• Data
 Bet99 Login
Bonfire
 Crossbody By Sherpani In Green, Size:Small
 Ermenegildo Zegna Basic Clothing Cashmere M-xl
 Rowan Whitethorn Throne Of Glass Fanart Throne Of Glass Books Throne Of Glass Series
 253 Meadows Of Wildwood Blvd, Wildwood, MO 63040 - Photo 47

...

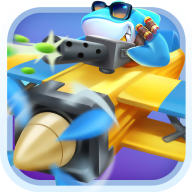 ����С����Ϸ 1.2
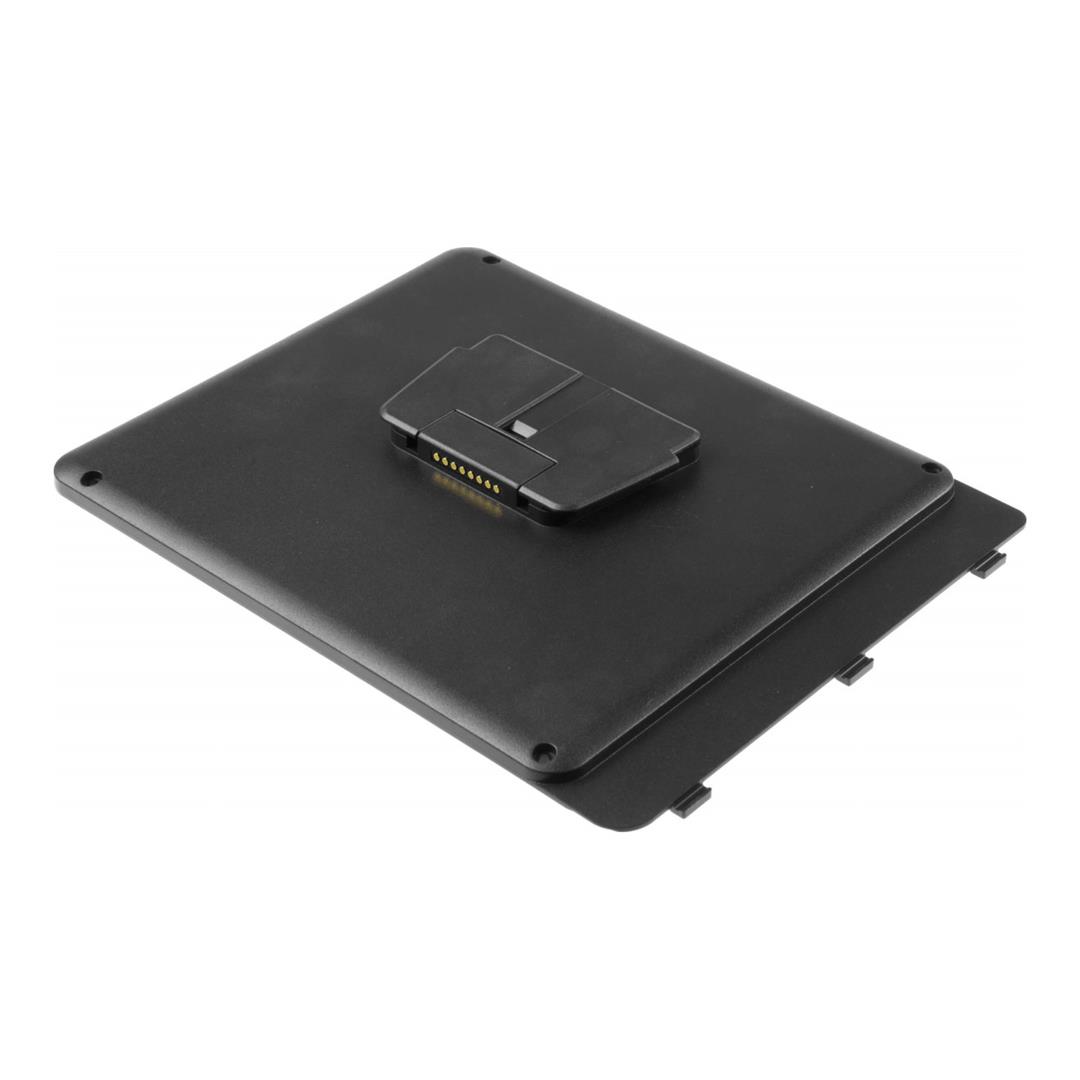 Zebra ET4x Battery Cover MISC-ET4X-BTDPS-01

* * *

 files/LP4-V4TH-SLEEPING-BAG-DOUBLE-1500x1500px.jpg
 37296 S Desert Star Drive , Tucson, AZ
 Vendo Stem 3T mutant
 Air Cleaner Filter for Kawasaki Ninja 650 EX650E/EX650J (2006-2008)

• Aim of the exercise
Copy out precisely the lines from the line with "Bet99 Login" to the line with "253 Meadows Of" in the material above, including those two lines and omitting all the rest.

• Reply to the task
 Bet99 Login
Bonfire
 Crossbody By Sherpani In Green, Size:Small
 Ermenegildo Zegna Basic Clothing Cashmere M-xl
 Rowan Whitethorn Throne Of Glass Fanart Throne Of Glass Books Throne Of Glass Series
 253 Meadows Of Wildwood Blvd, Wildwood, MO 63040 - Photo 47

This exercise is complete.